### EXERCISE:
Print, exactly as they stand, the lines below from the one that has "Meet The Smiths メンズTシャツ Tシャツ (正面)" to the one that has "Canvas Little Girl Print Mi A3 Back Cover", inclusive, leaving out the pictures.

### SOURCE MATERIAL:
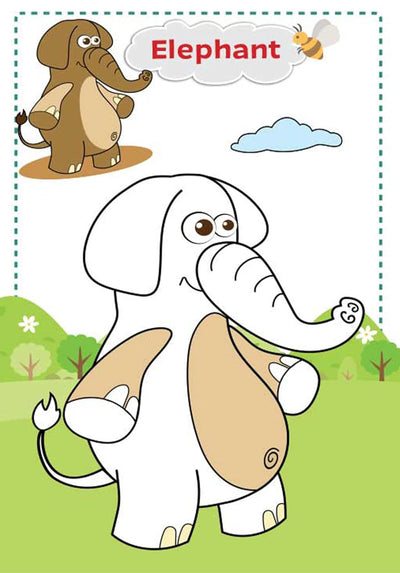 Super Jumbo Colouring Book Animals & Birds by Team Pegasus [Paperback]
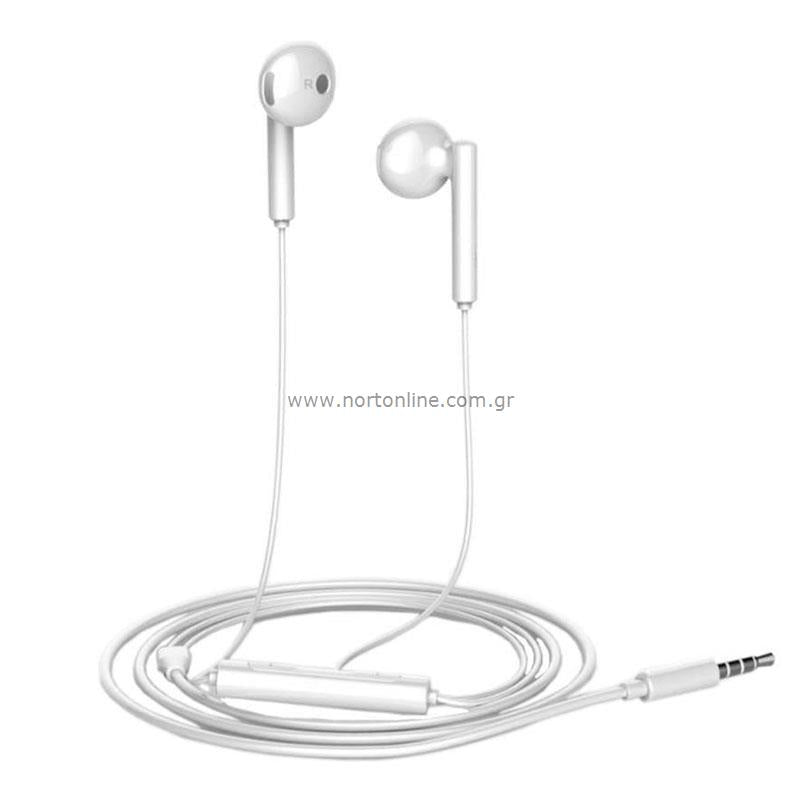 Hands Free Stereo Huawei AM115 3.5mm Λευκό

---

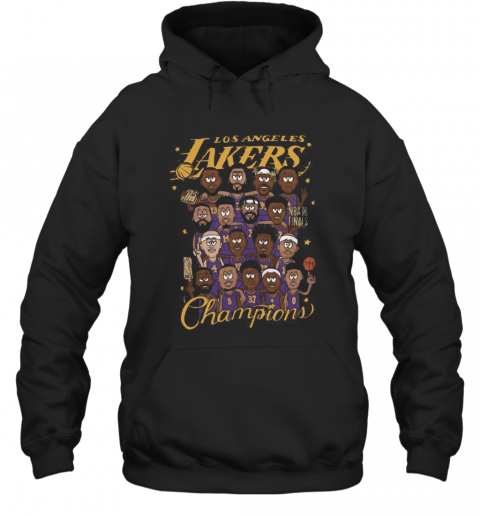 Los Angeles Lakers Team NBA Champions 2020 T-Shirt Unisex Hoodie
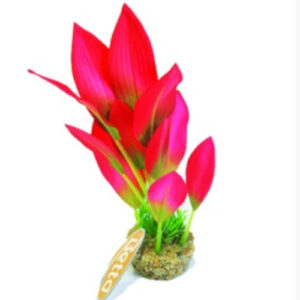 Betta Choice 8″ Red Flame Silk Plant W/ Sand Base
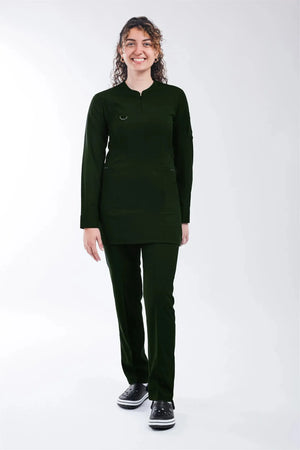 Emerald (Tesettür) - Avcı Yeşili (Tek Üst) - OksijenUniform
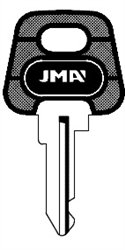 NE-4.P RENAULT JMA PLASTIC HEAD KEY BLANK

--

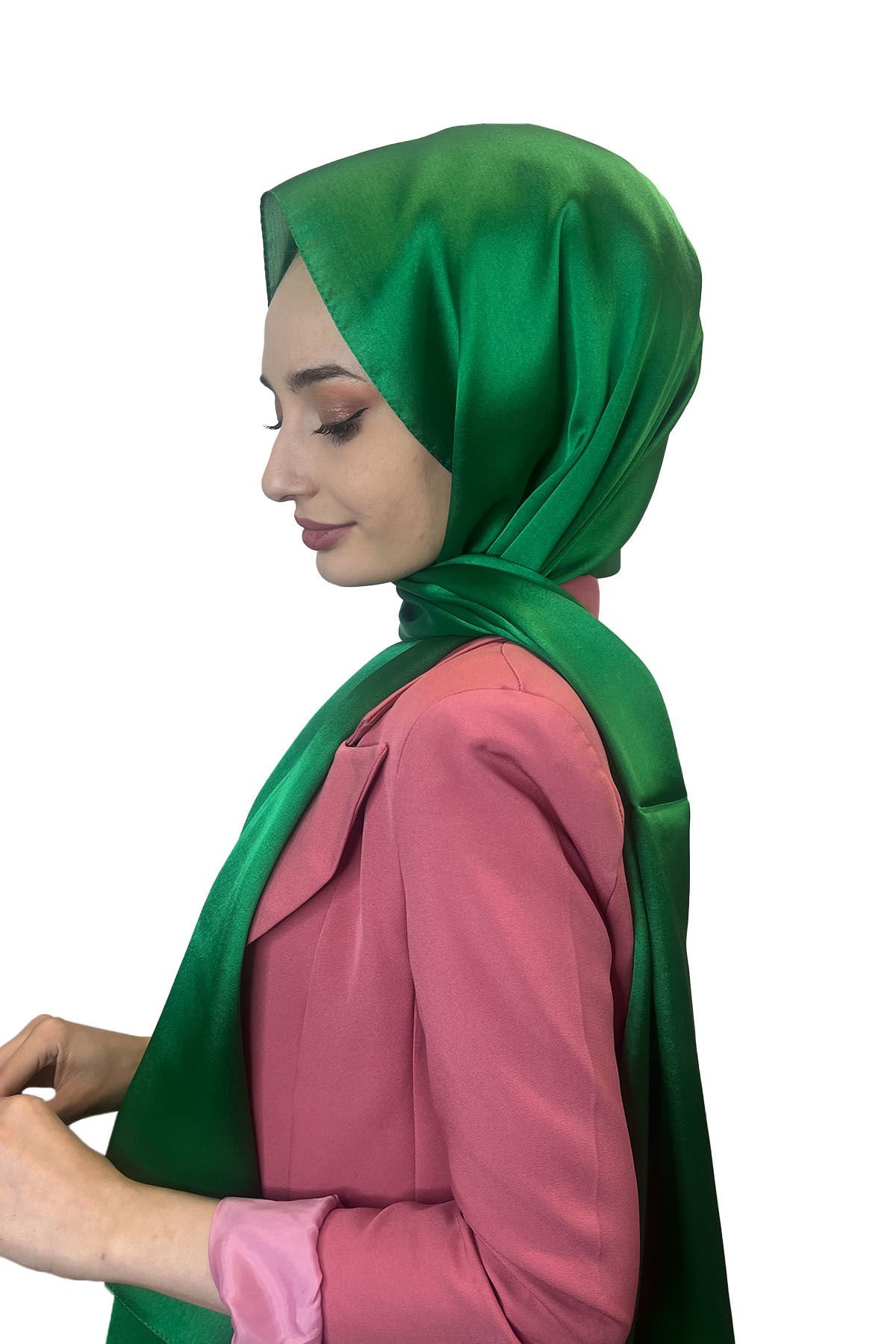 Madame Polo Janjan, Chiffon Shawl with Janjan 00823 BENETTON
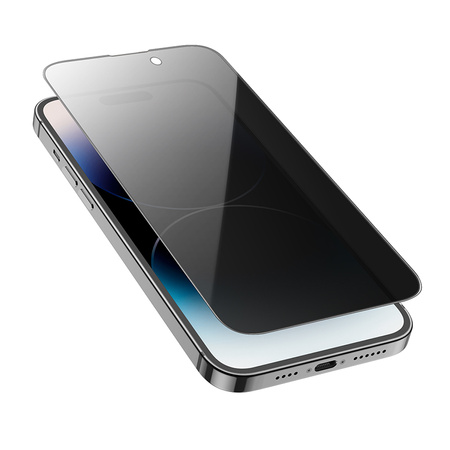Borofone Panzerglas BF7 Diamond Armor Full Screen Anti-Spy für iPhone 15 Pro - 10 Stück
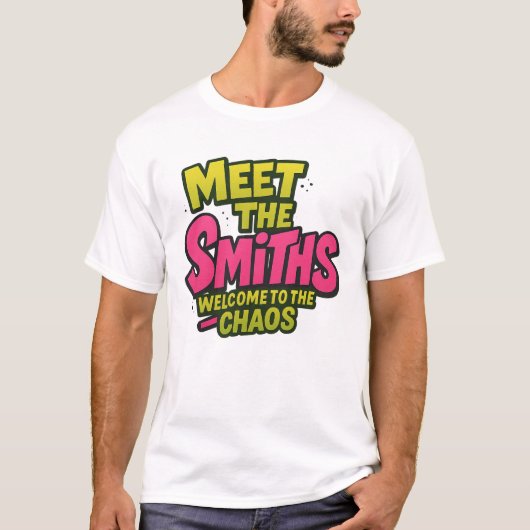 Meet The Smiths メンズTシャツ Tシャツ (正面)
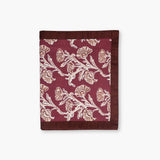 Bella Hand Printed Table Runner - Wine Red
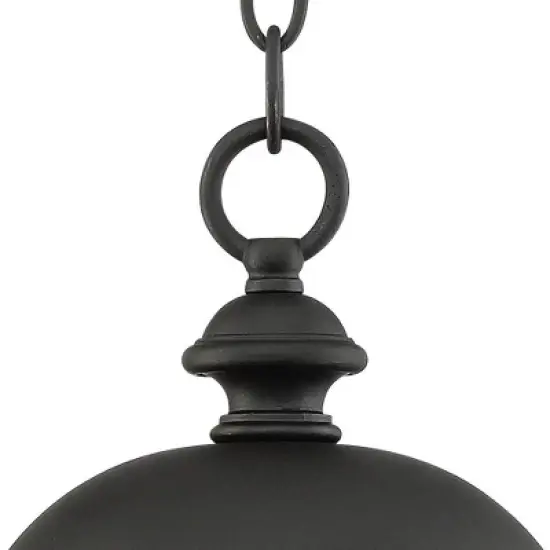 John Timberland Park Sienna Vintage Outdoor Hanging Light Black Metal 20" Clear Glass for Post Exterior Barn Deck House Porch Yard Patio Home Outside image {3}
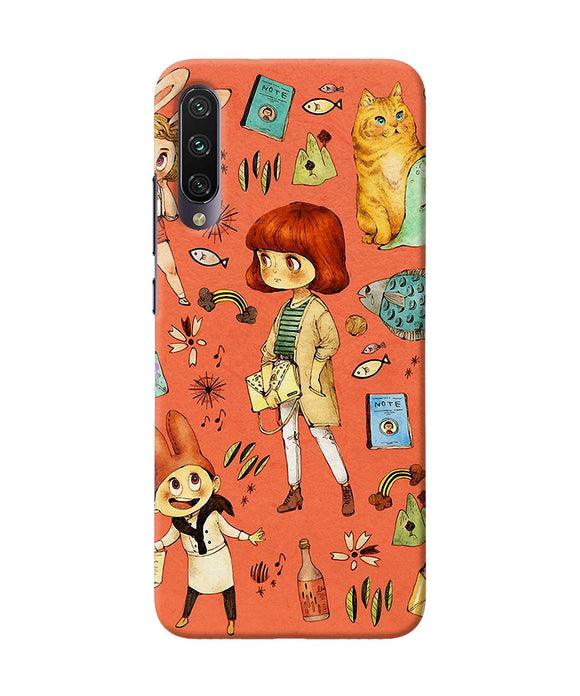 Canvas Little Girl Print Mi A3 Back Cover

### THE COMPLETED TASK:
 Meet The Smiths メンズTシャツ Tシャツ (正面)
 Bella Hand Printed Table Runner - Wine Red
 John Timberland Park Sienna Vintage Outdoor Hanging Light Black Metal 20" Clear Glass for Post Exterior Barn Deck House Porch Yard Patio Home Outside image {3}
 Canvas Little Girl Print Mi A3 Back Cover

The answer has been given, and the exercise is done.